**What you need to do**
Where the line holding "Wallets - bvw35x" appears, start copying, and continue exactly through the last line of the listing, skipping pictures.

**Data provided**

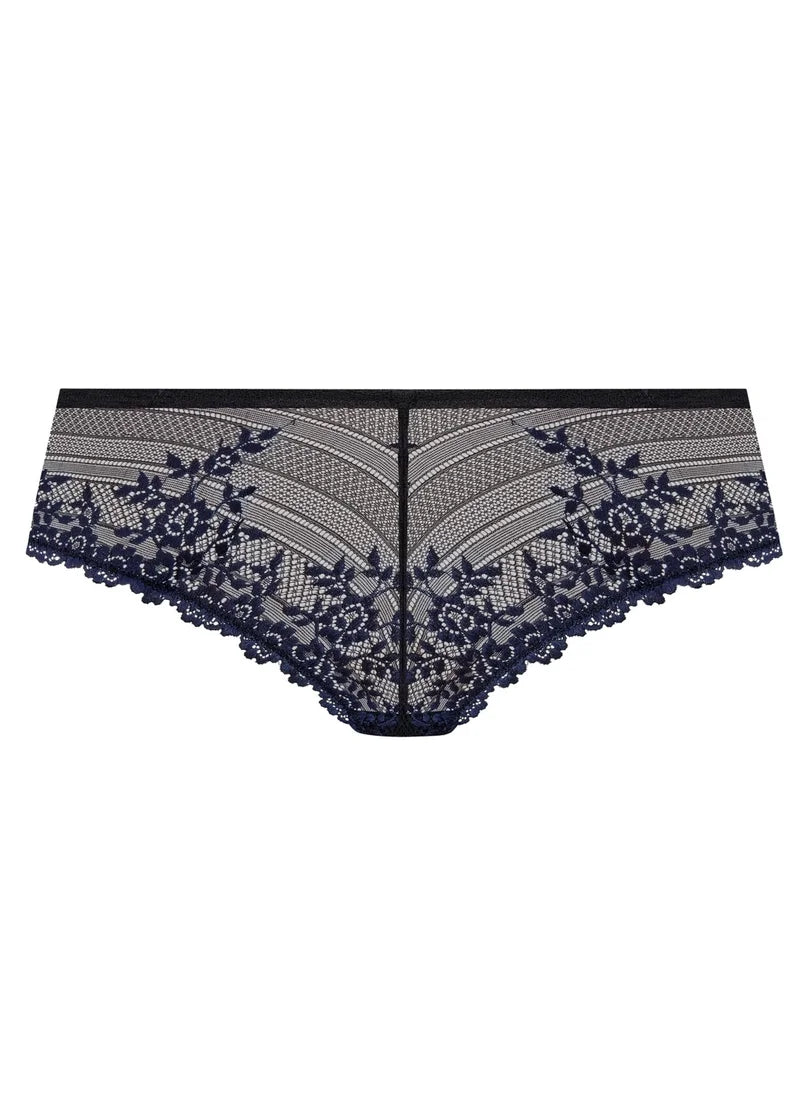 Wacoal - Embrace Lace Tanga Black/Night Sky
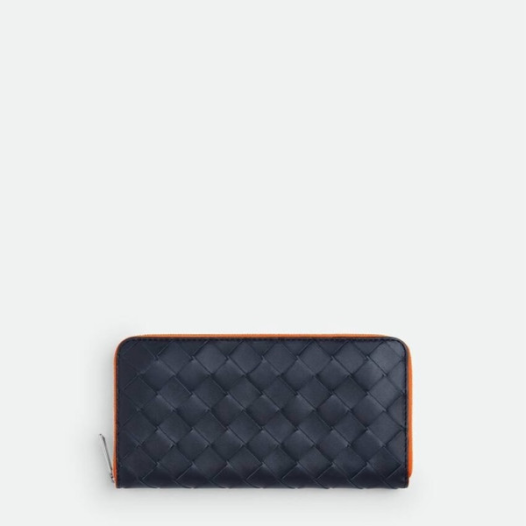 ❤보테가베네타 남성 네이비 장지갑 - Bottega Veneta Mens Zippy Wallets - bvw35x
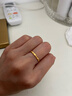 周六福  黄金戒指女款碎碎冰车花亮面指环送女友 计价 23号-2.32g 实拍图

**Response below**
 ❤보테가베네타 남성 네이비 장지갑 - Bottega Veneta Mens Zippy Wallets - bvw35x
 周六福  黄金戒指女款碎碎冰车花亮面指环送女友 计价 23号-2.32g 实拍图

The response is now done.